> _What you will do_: All of the data below must be reproduced word for word, but without its images.

Short text fragments from websites
================================
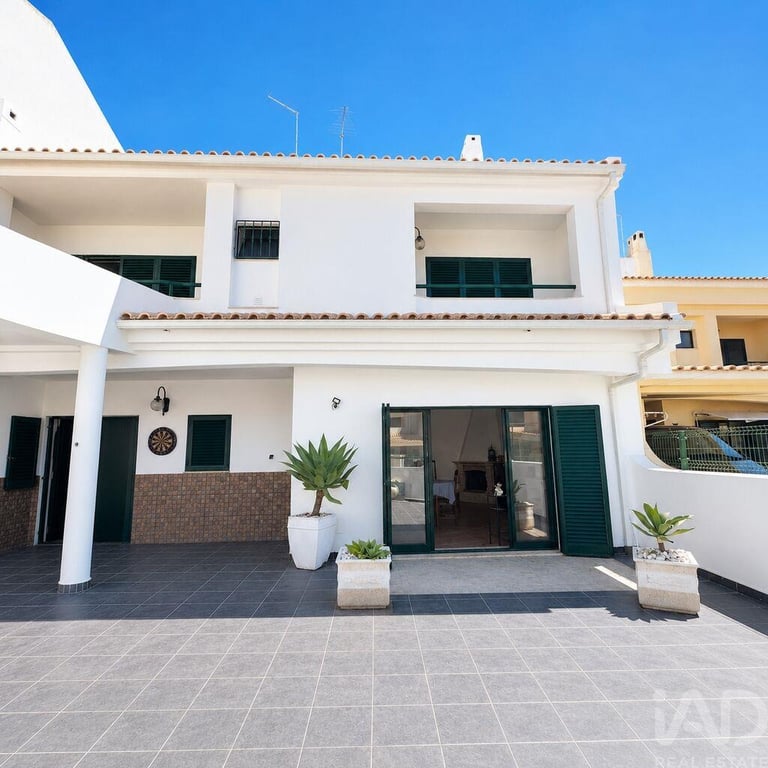 House in Oura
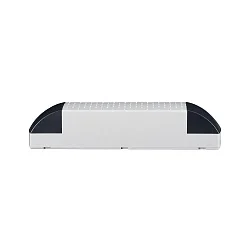 Electronic transformer VDE PROFI, 100-250W, 230V/12V, 250VA, gray/black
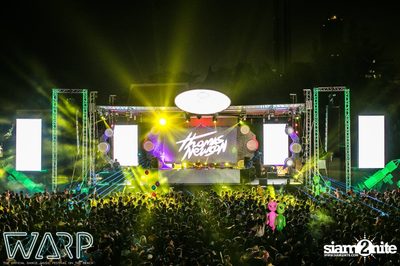 Warp Music Festival 2015 - Pattaya (Album 2 of 9) — photo 172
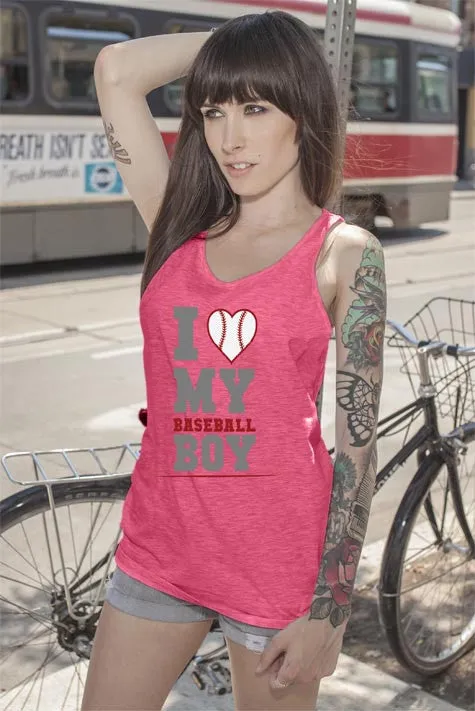 I Love my Baseball Boy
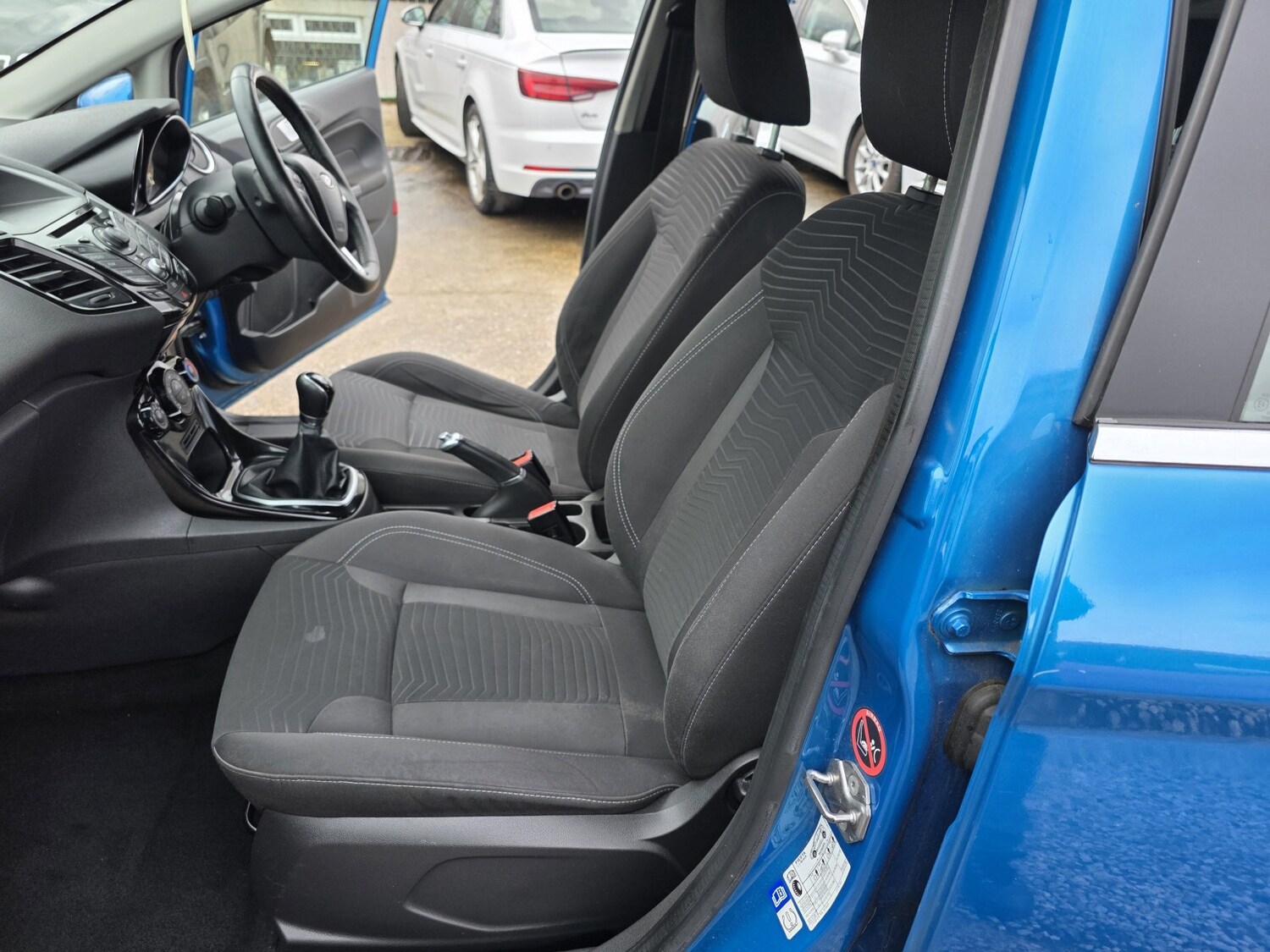 Used Ford Fiesta 2014 for sale - 78125142: Photo 11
================================
> _Result_:
 House in Oura
 Electronic transformer VDE PROFI, 100-250W, 230V/12V, 250VA, gray/black
 Warp Music Festival 2015 - Pattaya (Album 2 of 9) — photo 172
 I Love my Baseball Boy
 Used Ford Fiesta 2014 for sale - 78125142: Photo 11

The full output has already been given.